UN convoy ‘attacked’

UN Secretary-General Ban Ki-moon on Monday singled out Syria’s government for censure, telling it to halt its violent crackdown on the dissidents and rebels fighting to overthrow President Bashar Assad’s regime, a day after Syrian tanks attacked a convoy carrying the head of the UN observer mission.

Ban noted that his peacekeeping chief, Herve Ladsous, recently went to Syria where he “called on the government to end its use of heavy weapons and demonstrate the commitment to ending the armed violence. Government officials have repeatedly said they would honour these commitments. We are still waiting for them to act.”

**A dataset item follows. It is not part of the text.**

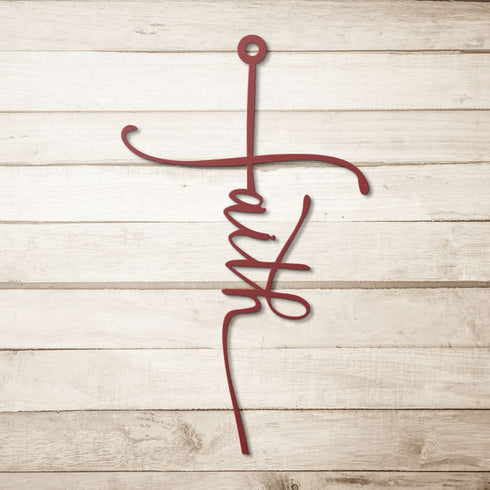 #19 Faith Cross Metal Sign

Ban said that a dozen armoured vehicles used by the military observers have been destroyed by blasts and shelling, and a convoy carrying the general heading the force was targeted on Sunday.

“Yesterday, the convoy of Lieutenant-General Babacar Gaye was attack by armed tanks. Fortunately there were no injuries,” Ban said.

The UN observer mission’s latest 30-day mandate is due to expire in August, and the United States, Britain and France do not want to see it extended under these circumstances.

Syria’s most senior diplomat in the UK, meanwhile, has stood down in protest at the “violent and oppressive” actions of al-Assad’s regime, the British foreign office confirmed on Monday.

In a blow to Damascus, charge d’affaires Khaled al-Ayoubi informed the British authorities that he was “no longer willing” to represent the government amid the brutal repression of rebels.

The British Government said his decision represented the “revulsion and despair” of Syrians and urged others around the world to follow his example and abandon Assad.

International concern

Outside of Aleppo, rebels seized a strategic checkpoint after a 10-hour battle, securing them free movement between the northern city and Turkey, a FSA commander said.

“The Anadan checkpoint… was taken this morning at [02:00GMT] after 10 hours of fighting,” said General Ferzat Abdel Nasser, a rebel officer who deserted the Syrian army a month ago.

By securing the checkpoint, about 5km northwest of Aleppo, the rebels now control a direct route between the Turkish border and the commercial capital.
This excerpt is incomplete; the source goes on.